Мальчик не отвечал, и снова пристально посмотрел на Лопырева, куда-то в область груди. Там не было ничего, что могло его заинтересовать. Скорее всего, он не видел сейчас ничего вокруг, находясь мыслями внутри себя.

– Ты должен мне все рассказать. Мы не враги для тебя, и мы хотим тебе помочь. А для этого мы зададим тебе вопросы, и тебе надо на них ответить. Здесь у нас все очень строго, так что будь молодцом.

– Кто это – мы? – Мальчик задал свой первый вопрос.– Мы же тут одни.

Лопырев немного растерялся. Странный вопрос. Понятно же, кто такие мы, зачем об этом спрашивать.

– Мы – это сотрудники этого учреждения, люди, которые нашли тебя, я, мои коллеги и мой начальник, к которому я отведу тебя после беседы. Мы не желаем тебе зла.

– Вы не можете говорить за всех. Только за себя. И все равно я вам не поверю. Те люди, что нашли меня в кустах дербенника, не были слишком уж добрыми ко мне.

– Они обижали тебя?

– Нет. Но если бы я бросился от них убегать, мне досталось бы по ушам. Они мне так прямо и сказали.

– Это все требуется ради дисциплины. Там опасно, и ты мог погибнуть. Так как ты добрался до … сюда?

Мальчик смотрел в одну точку куда-то в сторону. Казалось, перед ним сейчас всплывают все трудности, которые ему пришлось преодолеть по дороге сюда.

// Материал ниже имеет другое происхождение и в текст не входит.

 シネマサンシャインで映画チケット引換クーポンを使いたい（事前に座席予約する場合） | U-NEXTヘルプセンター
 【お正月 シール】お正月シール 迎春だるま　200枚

– Тебе кто-то помогал? – Лопырев продолжил свой допрос. Видно было, что воля у паренька несгибаемая.

– Нет, мне никто не помогал. Я сам добрался.

– Зачем?

Мальчик встретился глазами с глазами Лопырева. У него на лице отразилось удивление.

– Я думал, вы и так все знаете. Вы же все знаете. У меня здесь папка. Я хотел его увидеть.

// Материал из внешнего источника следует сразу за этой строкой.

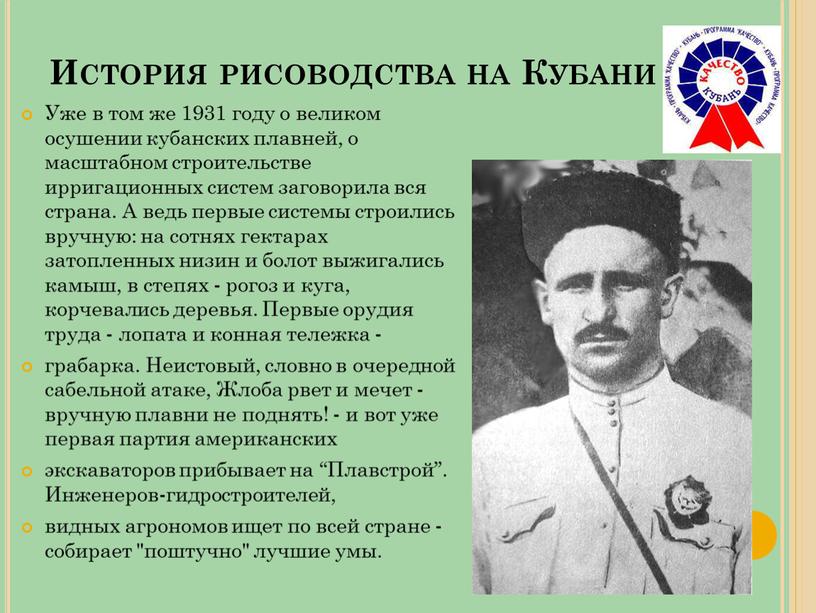 История рисоводства на Кубани Уже в том же 1931 году о великом осушении кубанских плавней, о масштабном строительстве ирригационных систем заговорила вся страна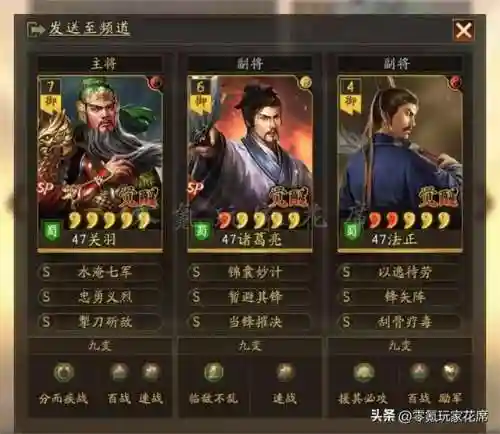 白板蜀智兵书搭配阵容(pk赛季蜀智兵书搭配)插图18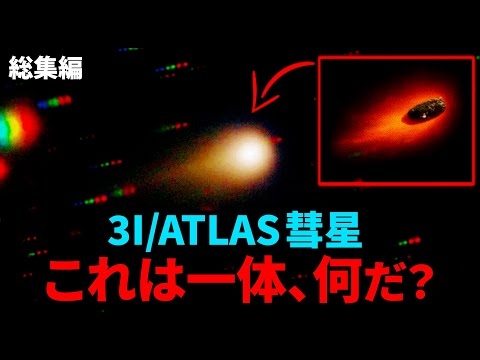 【最新情報】“3I/ATLAS”最大の謎を持つ彗星、異星人の宇宙船なのか？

– Мы знаем, конечно знаем, но…

– Зачем тогда спрашиваете? – мальчик перебил Лопырева, – спрашивайте о том, чего не знаете!

– Ты шел сюда пешком?

– И пешком, и не пешком. По-разному шел. Иногда плыл. И вот добрался. Это было трудно иногда, но я знал, что доберусь.

– Кто тебя надоумил отправиться в такой сложный путь? Ты не мог сам. Тебе явно кто-то помогал.

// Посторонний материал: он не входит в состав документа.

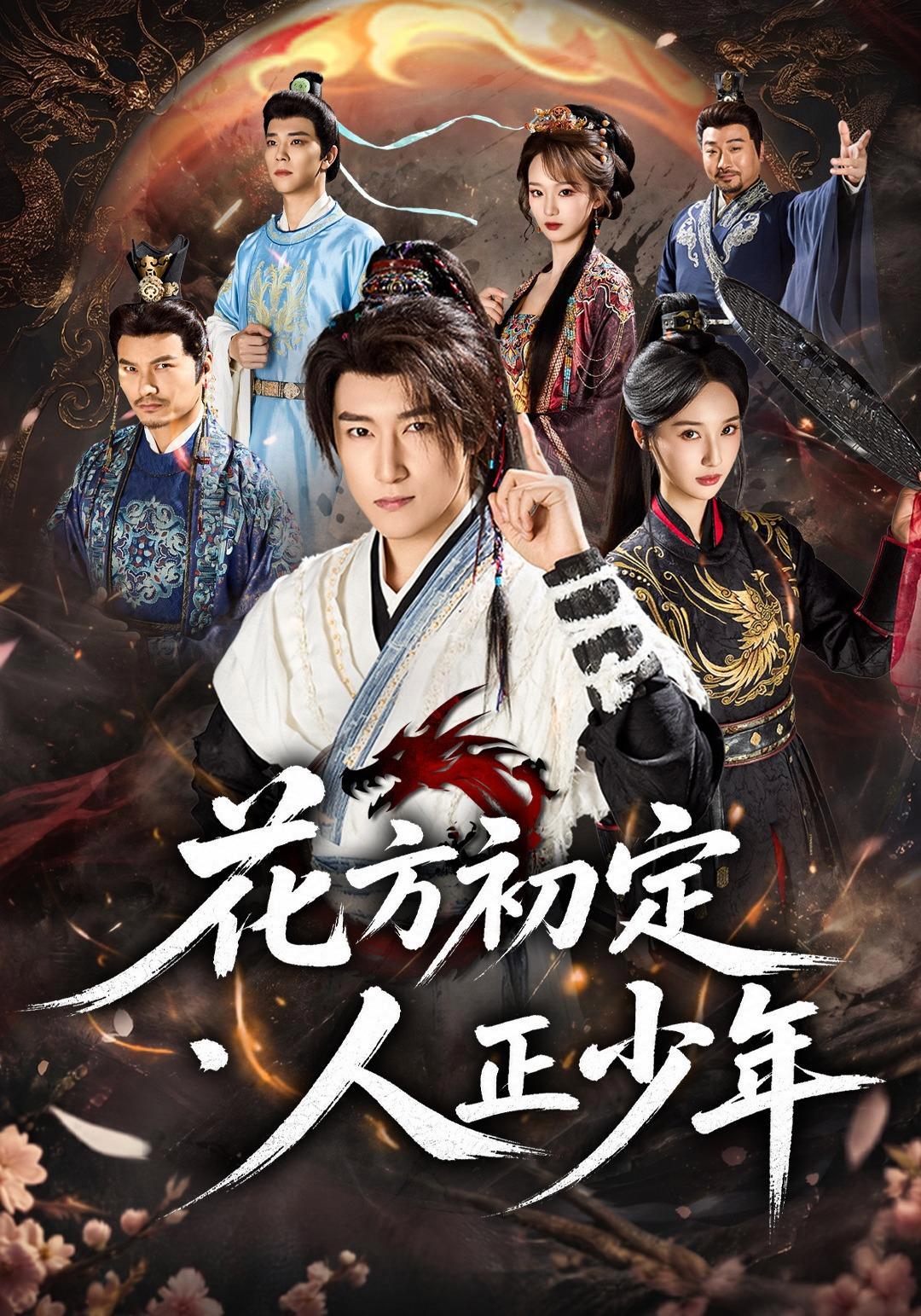 短剧《大明第一狂枭》海报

Лопырев никак не мог поверить, что шестилетний ребенок мог пройти тридцать километров пешком, местами – вплавь, и при этом не заблудиться, не умереть, и добраться до нужного места.

Мальчик посмотрел на него теперь уже гневно.

– Вы думаете, что я – тупица? Это потому, что мой отец – преступник?

– Тихо, не кипятись. Я просто… Мне просто кажется, что одному было бы сложно справиться.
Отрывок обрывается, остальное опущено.